### TASK INPUTS

==========

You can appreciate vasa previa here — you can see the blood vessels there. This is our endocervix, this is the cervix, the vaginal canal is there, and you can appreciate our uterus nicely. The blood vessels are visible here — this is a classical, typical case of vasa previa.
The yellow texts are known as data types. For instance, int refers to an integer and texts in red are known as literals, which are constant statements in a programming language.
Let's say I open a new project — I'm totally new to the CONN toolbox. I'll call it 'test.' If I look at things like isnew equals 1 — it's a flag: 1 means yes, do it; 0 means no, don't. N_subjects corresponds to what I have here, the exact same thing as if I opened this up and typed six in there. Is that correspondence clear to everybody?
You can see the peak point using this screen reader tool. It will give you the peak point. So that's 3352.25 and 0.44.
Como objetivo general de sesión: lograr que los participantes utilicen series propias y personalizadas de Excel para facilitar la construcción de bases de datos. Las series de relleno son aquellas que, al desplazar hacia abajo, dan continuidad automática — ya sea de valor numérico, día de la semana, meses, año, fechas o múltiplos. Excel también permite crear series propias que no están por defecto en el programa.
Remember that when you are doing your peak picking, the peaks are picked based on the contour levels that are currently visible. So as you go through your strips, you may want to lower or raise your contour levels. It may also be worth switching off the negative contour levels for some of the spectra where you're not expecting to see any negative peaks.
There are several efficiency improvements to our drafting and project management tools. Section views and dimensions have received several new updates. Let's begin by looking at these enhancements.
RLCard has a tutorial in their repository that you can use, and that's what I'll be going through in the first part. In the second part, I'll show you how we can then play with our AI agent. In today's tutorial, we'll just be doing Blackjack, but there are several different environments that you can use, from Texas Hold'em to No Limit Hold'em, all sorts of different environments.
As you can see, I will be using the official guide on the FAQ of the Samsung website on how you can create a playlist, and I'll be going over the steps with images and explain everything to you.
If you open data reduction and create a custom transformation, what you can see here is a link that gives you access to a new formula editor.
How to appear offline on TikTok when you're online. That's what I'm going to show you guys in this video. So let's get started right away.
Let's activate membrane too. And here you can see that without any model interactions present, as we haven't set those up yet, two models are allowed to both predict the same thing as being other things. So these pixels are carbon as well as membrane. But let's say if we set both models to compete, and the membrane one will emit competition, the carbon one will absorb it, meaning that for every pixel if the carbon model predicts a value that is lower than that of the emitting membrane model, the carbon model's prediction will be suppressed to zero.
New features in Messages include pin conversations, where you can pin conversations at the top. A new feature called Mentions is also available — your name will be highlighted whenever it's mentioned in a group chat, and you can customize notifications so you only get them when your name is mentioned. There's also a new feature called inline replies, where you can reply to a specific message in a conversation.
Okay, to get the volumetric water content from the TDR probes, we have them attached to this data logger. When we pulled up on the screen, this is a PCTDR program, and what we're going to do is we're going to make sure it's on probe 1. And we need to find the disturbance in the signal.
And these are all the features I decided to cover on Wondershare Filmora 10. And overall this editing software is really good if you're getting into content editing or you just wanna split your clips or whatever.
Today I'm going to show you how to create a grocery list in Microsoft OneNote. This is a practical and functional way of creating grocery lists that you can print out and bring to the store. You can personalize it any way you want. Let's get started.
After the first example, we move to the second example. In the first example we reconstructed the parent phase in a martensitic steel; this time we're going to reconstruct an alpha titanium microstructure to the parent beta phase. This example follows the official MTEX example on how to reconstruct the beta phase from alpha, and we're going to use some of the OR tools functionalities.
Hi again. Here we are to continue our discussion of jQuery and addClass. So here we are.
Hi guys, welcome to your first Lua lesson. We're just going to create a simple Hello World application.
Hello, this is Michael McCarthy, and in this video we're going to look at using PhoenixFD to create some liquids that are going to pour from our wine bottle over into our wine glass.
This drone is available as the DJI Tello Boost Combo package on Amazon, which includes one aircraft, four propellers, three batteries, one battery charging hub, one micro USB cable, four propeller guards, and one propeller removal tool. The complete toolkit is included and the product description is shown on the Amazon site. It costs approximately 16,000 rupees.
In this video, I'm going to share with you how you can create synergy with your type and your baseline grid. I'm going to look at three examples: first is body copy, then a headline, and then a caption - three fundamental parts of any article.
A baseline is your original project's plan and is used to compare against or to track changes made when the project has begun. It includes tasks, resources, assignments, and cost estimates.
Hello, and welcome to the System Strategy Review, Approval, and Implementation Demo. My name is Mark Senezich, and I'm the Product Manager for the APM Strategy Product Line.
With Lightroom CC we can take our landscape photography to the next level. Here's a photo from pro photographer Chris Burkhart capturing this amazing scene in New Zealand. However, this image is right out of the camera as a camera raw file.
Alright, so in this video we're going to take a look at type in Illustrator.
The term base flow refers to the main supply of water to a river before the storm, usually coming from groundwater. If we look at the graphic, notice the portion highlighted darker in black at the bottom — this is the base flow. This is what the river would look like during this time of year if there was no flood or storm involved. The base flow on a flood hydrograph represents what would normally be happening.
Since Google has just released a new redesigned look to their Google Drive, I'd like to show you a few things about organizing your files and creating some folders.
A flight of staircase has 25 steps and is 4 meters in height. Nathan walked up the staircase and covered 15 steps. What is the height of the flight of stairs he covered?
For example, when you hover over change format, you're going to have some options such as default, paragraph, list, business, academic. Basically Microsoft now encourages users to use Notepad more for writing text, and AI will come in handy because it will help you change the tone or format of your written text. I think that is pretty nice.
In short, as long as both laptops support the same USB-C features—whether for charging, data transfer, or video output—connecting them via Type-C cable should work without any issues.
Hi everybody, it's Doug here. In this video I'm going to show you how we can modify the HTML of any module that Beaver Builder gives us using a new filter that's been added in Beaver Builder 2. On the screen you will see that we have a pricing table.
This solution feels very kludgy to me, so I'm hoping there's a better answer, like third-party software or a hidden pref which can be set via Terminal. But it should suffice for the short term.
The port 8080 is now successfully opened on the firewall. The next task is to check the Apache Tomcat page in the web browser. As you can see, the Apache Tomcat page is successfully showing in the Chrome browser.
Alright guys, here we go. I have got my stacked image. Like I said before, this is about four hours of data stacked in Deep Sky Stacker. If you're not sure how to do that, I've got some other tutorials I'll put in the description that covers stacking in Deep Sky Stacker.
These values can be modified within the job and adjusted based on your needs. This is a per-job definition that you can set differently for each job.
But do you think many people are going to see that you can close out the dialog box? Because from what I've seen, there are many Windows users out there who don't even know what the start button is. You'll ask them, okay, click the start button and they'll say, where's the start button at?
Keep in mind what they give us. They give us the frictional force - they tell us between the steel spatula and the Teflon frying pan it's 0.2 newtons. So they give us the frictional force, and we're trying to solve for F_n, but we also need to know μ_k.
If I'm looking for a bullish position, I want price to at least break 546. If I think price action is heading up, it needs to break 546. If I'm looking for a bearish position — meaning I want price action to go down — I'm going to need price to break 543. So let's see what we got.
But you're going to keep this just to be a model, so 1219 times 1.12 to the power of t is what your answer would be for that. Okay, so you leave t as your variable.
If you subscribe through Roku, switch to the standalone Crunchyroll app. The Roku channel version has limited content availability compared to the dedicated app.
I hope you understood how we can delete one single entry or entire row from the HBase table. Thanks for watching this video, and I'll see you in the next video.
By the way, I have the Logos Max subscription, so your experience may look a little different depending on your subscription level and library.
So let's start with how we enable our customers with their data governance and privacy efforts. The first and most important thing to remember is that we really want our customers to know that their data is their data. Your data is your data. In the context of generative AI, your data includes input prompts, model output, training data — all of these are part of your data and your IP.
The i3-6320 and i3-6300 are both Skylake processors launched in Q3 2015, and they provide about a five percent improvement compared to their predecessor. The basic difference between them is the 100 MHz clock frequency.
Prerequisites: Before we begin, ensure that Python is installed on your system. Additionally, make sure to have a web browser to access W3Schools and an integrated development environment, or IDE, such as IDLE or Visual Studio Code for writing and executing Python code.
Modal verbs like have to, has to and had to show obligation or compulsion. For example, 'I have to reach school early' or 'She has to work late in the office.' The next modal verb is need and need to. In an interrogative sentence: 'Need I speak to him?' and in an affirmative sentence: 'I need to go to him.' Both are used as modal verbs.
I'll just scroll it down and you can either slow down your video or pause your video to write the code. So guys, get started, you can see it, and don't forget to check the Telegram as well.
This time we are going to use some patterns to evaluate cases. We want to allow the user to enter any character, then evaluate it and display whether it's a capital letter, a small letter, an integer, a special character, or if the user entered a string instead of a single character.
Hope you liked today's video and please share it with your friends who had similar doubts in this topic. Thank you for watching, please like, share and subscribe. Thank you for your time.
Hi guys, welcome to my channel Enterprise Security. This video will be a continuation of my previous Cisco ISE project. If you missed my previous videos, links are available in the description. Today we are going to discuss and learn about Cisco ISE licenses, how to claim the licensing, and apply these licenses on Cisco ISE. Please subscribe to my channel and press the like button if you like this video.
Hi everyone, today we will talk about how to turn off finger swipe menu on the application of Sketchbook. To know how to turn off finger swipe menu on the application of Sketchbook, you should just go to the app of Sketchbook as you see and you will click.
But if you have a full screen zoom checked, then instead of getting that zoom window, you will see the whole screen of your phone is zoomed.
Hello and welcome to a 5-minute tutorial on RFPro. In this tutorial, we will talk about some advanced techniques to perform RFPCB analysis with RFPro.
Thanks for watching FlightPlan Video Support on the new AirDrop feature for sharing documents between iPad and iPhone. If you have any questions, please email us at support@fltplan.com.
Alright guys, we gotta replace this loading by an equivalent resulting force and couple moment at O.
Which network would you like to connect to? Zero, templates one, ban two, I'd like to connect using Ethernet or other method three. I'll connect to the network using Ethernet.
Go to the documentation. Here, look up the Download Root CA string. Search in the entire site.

==========

### WORK TO COMPLETE
The lines to retype, exactly and only, run from the first line of the material through the line with "Como objetivo general".

### RESPONSE FOR THIS EXERCISE
You can appreciate vasa previa here — you can see the blood vessels there. This is our endocervix, this is the cervix, the vaginal canal is there, and you can appreciate our uterus nicely. The blood vessels are visible here — this is a classical, typical case of vasa previa.
The yellow texts are known as data types. For instance, int refers to an integer and texts in red are known as literals, which are constant statements in a programming language.
Let's say I open a new project — I'm totally new to the CONN toolbox. I'll call it 'test.' If I look at things like isnew equals 1 — it's a flag: 1 means yes, do it; 0 means no, don't. N_subjects corresponds to what I have here, the exact same thing as if I opened this up and typed six in there. Is that correspondence clear to everybody?
You can see the peak point using this screen reader tool. It will give you the peak point. So that's 3352.25 and 0.44.
Como objetivo general de sesión: lograr que los participantes utilicen series propias y personalizadas de Excel para facilitar la construcción de bases de datos. Las series de relleno son aquellas que, al desplazar hacia abajo, dan continuidad automática — ya sea de valor numérico, día de la semana, meses, año, fechas o múltiplos. Excel también permite crear series propias que no están por defecto en el programa.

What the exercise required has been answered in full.